This is the data I have:
**name** **movie**
jason a
jason b
jason c
mike a
mike b
bruce a
bruce c
ryan b
my goal is to make this
**name** **# of moive**
jason a,b,c
mike a,b
bruce a,c
ryan b
I am using pyspark and try to use UDF to do this staff. I defined this function and spark gave me a error because it calls the basic functions 'filter', which makes a problem starting a new worker(correct me if it does not).
My logic is first use a filter to make subsets and then the number of rows would be the number of movies. And after this I make a new column with this UDF.
def udf(user_name):
return df.filter(df['name'] == user_name).select('movie').dropDuplictes()\
.toPandas['movie'].tolist()
df.withColumn('movie_number', udf(df['name']))
but it's not working.
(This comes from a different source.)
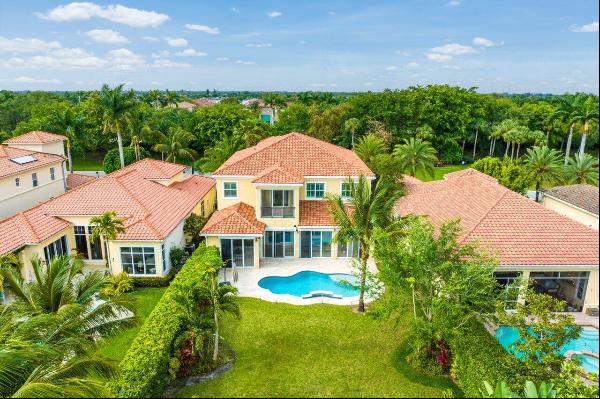 This exceptional six-bedroom estate is nestled on an oversized lot overlooking the golf co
Is there a way to make a UDF with basic spark functions?
So I make the name column into a list and loop through the list, but it's super slow I believe this way I did not do distributed computing.
1) My priority is to figure out how to loop through information in one column of pyspark dataframe with basic functions such as spark_df.filter
.
2) Can we first make the name column into a RDD and then use my UDF to loop through that RDD, so can take the advantage of distributed computing?
3) If I have 2 tables with the same structure(name/movie), but for different years, like 2005 and 2007 can we have an efficient way to make a third table whose structure is:
**name** **movie** **in_2005** **in_2007**
jason a 1 0
jason b 0 1
jason c 1 1
mike a 0 1
mike b 1 0
bruce a 0 0
bruce c 1 1
ryan b 1 0
1 and 0 means if this guy made comment on the movie in year 2005/2007 or not. and in this case the original tables would be:
2005:
**name** **movie**
jason a
jason c
mike b
bruce c
ryan b
2007
**name** **movie**
jason b
jason c
mike a
bruce c
and my idea is to concat the 2 tables together with a 'year' column, and use a pivot table to get the desired structure.
I suggest to use groupby
follow by collect_list
instead of turning the whole dataframe to RDD. You can apply UDF after.
import pyspark.sql.functions as func
# toy example dataframe
ls = [
['jason', 'movie_1'],
['jason', 'movie_2'],
['jason', 'movie_3'],
['mike', 'movie_1'],
['mike', 'movie_2'],
['bruce', 'movie_1'],
['bruce', 'movie_3'],
['ryan', 'movie_2']
]
df = spark.createDataFrame(pd.DataFrame(ls, columns=['name', 'movie']))
df_movie = df.groupby('name').agg(func.collect_list(func.col('movie')))
Now, this is an example to create udf
to deal with new column movies
. I simply give an example on how to calculate length of each row.
def movie_len(movies):
return len(movies)
udf_movie_len = func.udf(movie_len, returnType=StringType())
df_movie.select('name', 'movies', udf_movie_len(func.col('movies')).alias('n_movies')).show()
This will give:
+-----+--------------------+--------+
| name| movies|n_movies|
+-----+--------------------+--------+
|jason|[movie_1, movie_2...| 3|
| ryan| [movie_2]| 1|
|bruce| [movie_1, movie_3]| 2|
| mike| [movie_1, movie_2]| 2|
+-----+--------------------+--------+